Urban girls of color are "hit with a double whammy," says Neena Chaudhry of the National Women's Law Center. Often their communities have less access to open spaces and they face competition for scarce resources at school. Theoretically, Title IX should solve this problem, but unlike in colleges and universities, high schools are not required to report gender breakdowns by sport, resources, and funding. A study by the National Women's Law Center suggested that few urban female athletes were using Title IX to demand equal treatment.
There's a push now to require high schools to report statistics like colleges and universities do to make sure that the schools are complying to Title IX. Last month Senator Olympia Snowe reintroduced a 2004 bill to the Senate called the High School Sports Information Collection Act, which would require high schools to report the gender of student athletes and the financing of sports teams.
Advocates say that enacting Title IX compliance laws would increase sports opportunities for girls and boys across the country. While city officials hope to increase girls' participation in sports especially, the new double-dutch teams in New York are coed. The video below from the annual double dutch tournament held at the Apollo Theater in New York shows the incredible amount of athleticism that competitive double-dutch requires. Since countless studies have shown that student athletes perform better in school and have higher self-esteem, clearly girls across the country would benefit from similar programs.
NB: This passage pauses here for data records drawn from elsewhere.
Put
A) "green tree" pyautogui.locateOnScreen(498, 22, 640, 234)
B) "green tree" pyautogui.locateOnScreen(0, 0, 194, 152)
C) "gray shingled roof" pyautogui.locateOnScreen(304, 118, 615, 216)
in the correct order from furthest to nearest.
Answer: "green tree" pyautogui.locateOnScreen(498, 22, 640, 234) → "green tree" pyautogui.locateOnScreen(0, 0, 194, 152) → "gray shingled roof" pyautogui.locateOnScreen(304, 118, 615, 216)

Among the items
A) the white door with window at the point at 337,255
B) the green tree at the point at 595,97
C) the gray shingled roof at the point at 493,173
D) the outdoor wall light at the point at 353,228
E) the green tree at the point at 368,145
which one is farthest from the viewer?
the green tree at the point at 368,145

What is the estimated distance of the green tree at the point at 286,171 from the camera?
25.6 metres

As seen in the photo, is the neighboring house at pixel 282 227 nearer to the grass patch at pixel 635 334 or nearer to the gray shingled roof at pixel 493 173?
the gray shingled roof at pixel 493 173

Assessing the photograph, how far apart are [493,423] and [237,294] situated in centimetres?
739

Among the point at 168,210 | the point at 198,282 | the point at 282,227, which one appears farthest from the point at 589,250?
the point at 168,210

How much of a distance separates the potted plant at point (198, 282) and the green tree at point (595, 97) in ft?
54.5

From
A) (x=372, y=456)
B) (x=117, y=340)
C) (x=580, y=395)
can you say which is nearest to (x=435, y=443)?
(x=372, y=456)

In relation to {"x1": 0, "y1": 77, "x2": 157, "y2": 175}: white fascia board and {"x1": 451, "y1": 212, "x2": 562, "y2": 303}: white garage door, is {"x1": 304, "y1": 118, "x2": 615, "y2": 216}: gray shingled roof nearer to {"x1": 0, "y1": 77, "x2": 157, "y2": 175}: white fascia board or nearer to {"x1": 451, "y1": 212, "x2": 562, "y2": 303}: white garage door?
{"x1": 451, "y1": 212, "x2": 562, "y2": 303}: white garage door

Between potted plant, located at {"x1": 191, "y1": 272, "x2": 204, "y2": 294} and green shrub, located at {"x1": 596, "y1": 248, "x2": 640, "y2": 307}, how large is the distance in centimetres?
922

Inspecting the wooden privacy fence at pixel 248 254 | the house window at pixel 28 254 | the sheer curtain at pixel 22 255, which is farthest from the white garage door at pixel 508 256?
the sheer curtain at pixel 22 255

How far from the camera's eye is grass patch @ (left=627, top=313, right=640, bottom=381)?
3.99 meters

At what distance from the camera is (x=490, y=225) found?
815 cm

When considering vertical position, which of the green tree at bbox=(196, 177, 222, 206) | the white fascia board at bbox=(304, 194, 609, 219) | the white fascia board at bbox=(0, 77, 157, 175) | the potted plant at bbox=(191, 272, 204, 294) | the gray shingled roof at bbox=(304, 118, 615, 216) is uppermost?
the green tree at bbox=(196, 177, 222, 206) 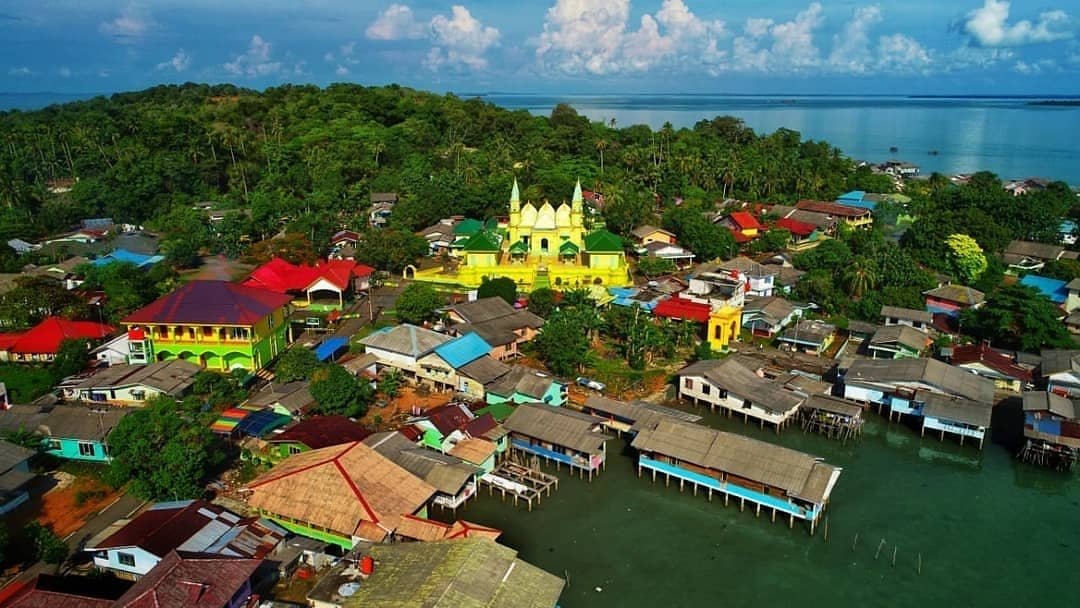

I think that this is a great move and that schools should branch out to meet the athletic and the activity interests of teens in order to encourage life long love of movement. If you follow the link above, you can watch a short clip of the International Double Dutch competition held at the Apollo Theater in NYC last year--it gets really good at the 1:20 mark. The international competition is a mixed-gender group, which I think sports like Double Dutch (as with Cheerleading now) show that mix gender groups can and do work.I think that offering more and more varied sports to urban girls is crucial, but I also think that the issues surrounding participating need to be addressed as well. For example, if a girl is expected to care for younger siblings after school how could she be included in programs such as these? Sometimes, girls have additional duties like cooking, cleaning, and caring for younger siblings that parents don't put on their sons--this was certainly the case in my mother's life. We have to work to under cover their barriers in order to help adolescent girls flourish. Though I do think that a little Double Dutch might just be one brick on the path to greater encouragement of young female athleticism.